Zu den unzähligen Todesopfern befragt, sagt Adolf Eichmann, es sei doch gar nicht "in unserem Interesse gewesen", dass das "Arbeitsmaterial als vollendete Nieten, als renovierbedürftig" an der Rampe in Auschwitz angekommen sei. Ein Idealist sei er gewesen, mitgedacht habe er. Dass er nur ein Handlager war, weist er weit von sich.

"Respekt, Ehre und Anstand" verlangt Adolf Eichmann, der Massenmörder, von seinem ältesten Sohn Klaus, genannt Nick. Die zum Scheitern verurteilte Liebesbeziehung zwischen Nick (Johannes Klaußner) und der schönen Sylvia, die sich in Buenos Aires im Bus kennengelernt haben, bildet den zweiten Handlungsstrang des Films neben den Sassen-Interviews. Diese tragische Liaison wird Eichmann eines Tages im Wortsinne den Hals brechen.
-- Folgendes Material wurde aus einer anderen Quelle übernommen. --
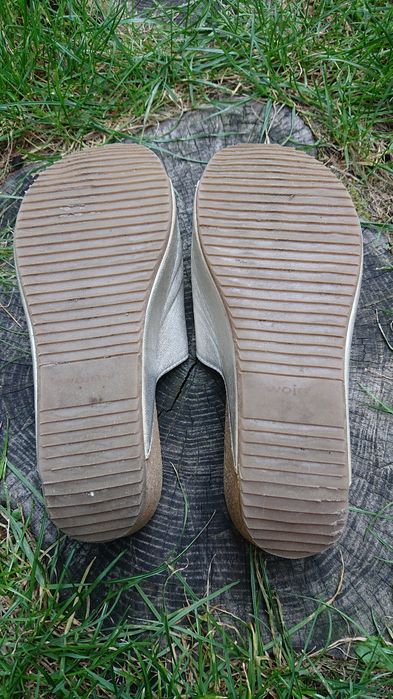 Wojas srebrne skórzane klapki koturny na korku sandałki Venezia.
Sylvia (Henriette Confurius) ist nämlich ausgerechnet die Tochter des Holocaust-Überlebenden Lothar Hermann (Michael Hanemann) dem allmählich dämmert, wer der Vater seines Schwiegersohns in spe ist. Hermann, voller Hass auf die NS-Täter, zwingt Sylvia zum Verrat an Nick, informiert den hessischen Oberstaatsanwalt Fritz Bauer (Axel Milberg) - der sich seinerseits umgehend an den Mossad wendet -, und die Dinge nehmen ihren Lauf.

Dies tun sie allerdings quälend langsam, denn der Mossad kommt zunächst zu dem Ergebnis, Bauers Information sei falsch. In Israel kann man sich einfach nicht vorstellen, dass ein Hauptorganisator des Holocaust in derart bescheidenen Verhältnissen lebt.

Nur einmal lässt Eichmann im Film die kalte Maske fallen, wenn er von einer Visite im Vernichtungslager Auschwitz berichtet. Als er dort vergaste Juden "wie Schmorfleisch" auf glühenden Eisenrosten brennen sah, da sei er "ein unglücklicher Mensch" gewesen.